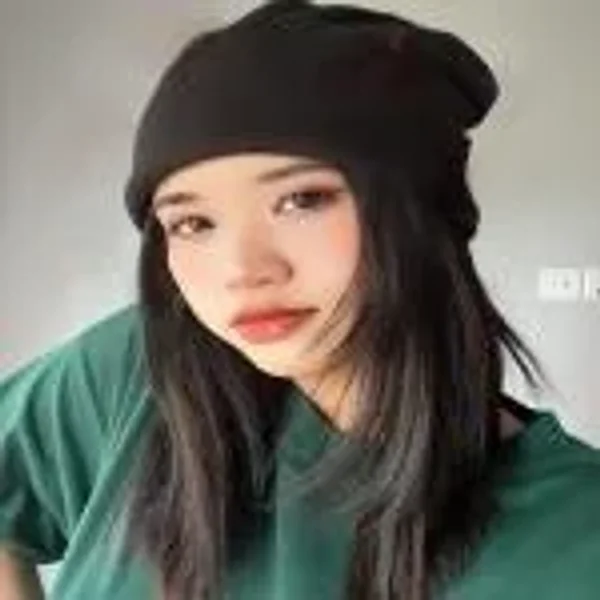 Nghiêm Cẩm Việt Hà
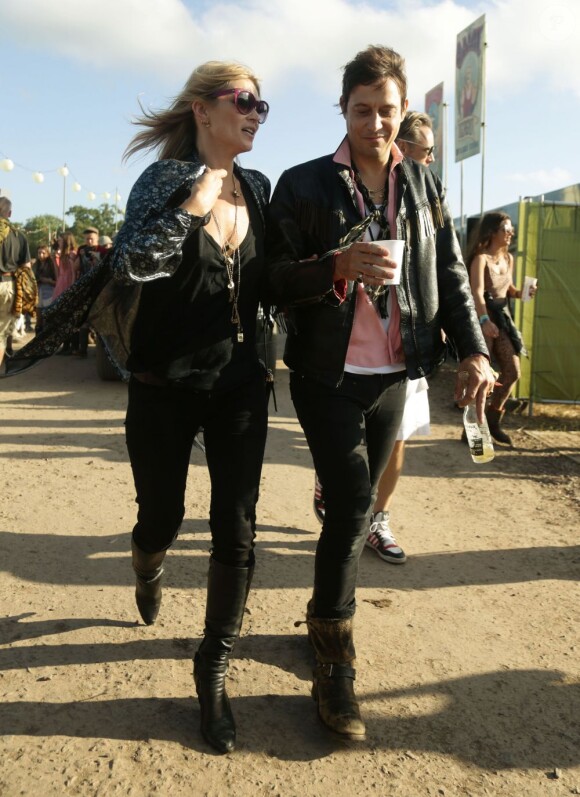 Kate Moss et son mari Jamie Hince à Glastonbury le 29 juin 2013.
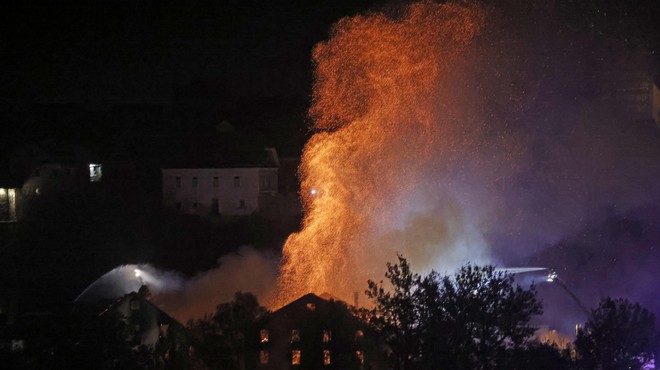 Pod Jelenovim klancem v Kranju je izbruhnil večji požar v Majdičevem mlinu. (foto: Bobo)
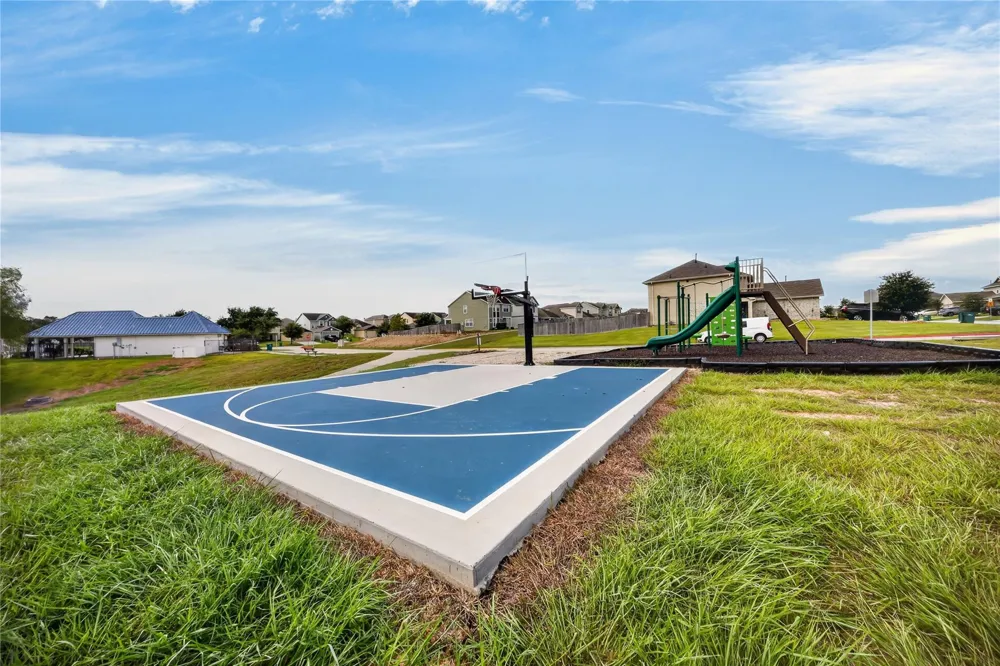 10737 S Lake Mist Lane Willis, TX 77318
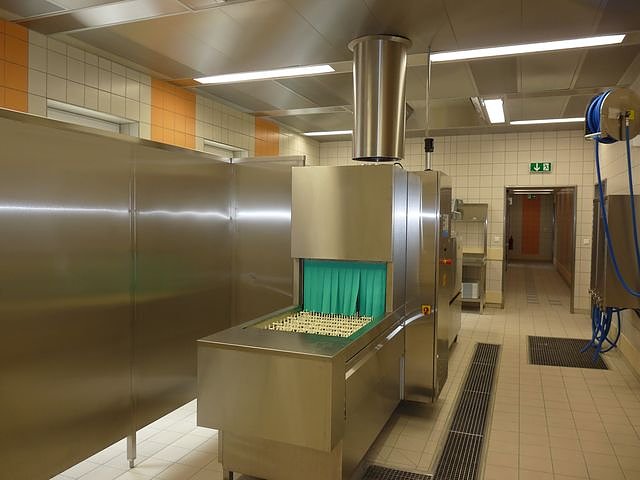 Einweihung neues Wirtschaftsgeb&auml;ude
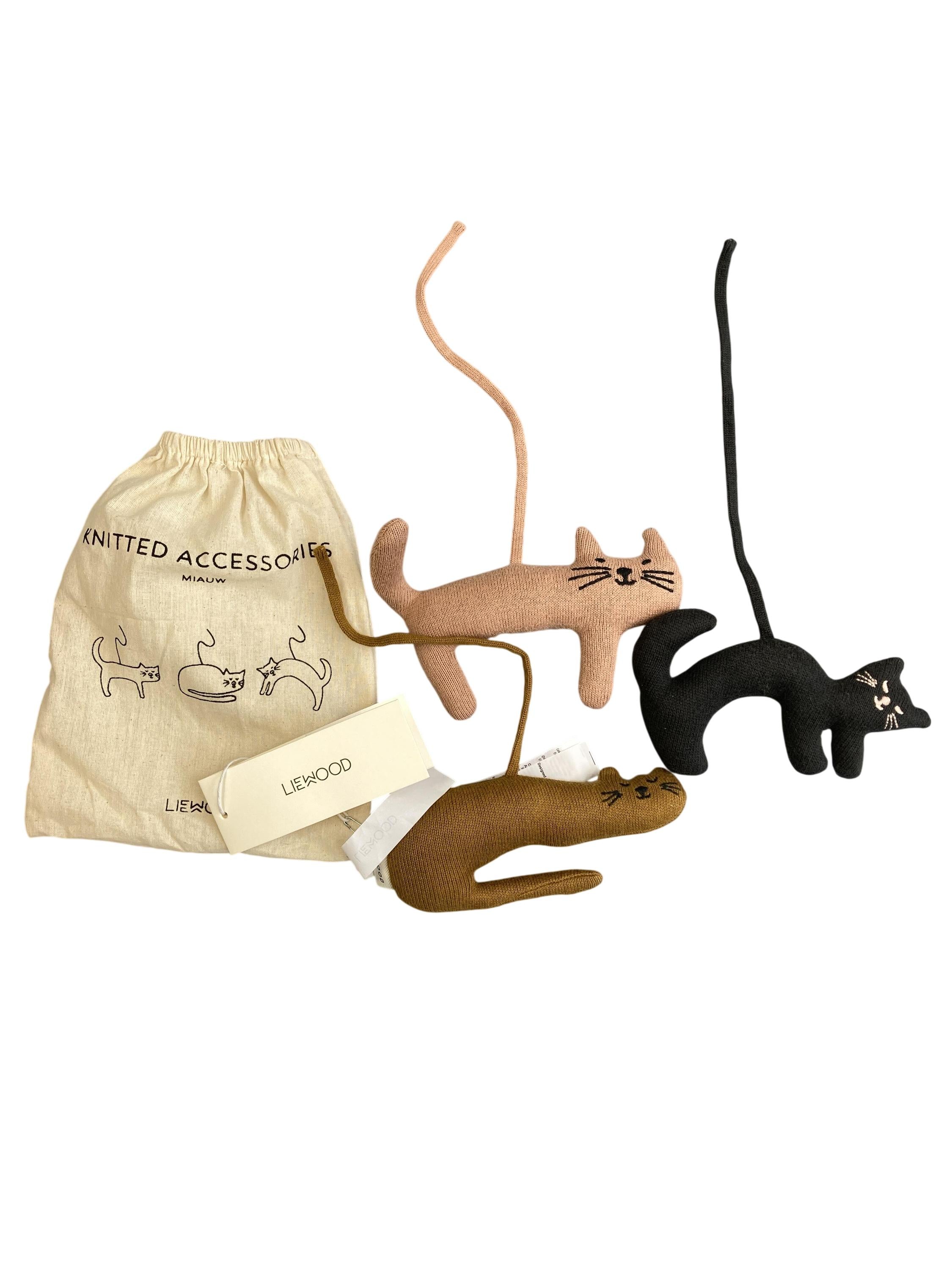 Spielbögen & Zubehör Babyspielzeuge Spielen & Lernen Knitted Accessories Miauw Liewood Front Image Last Season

___

▶ Exercise directions
The response must restate exactly the lines from the one containing "10737 S Lake Mist Lane Willis, TX 77318" through the end of the records above and must leave out all pictures.

▶ Answer space
 10737 S Lake Mist Lane Willis, TX 77318
 Einweihung neues Wirtschaftsgeb&auml;ude
 Spielbögen & Zubehör Babyspielzeuge Spielen & Lernen Knitted Accessories Miauw Liewood Front Image Last Season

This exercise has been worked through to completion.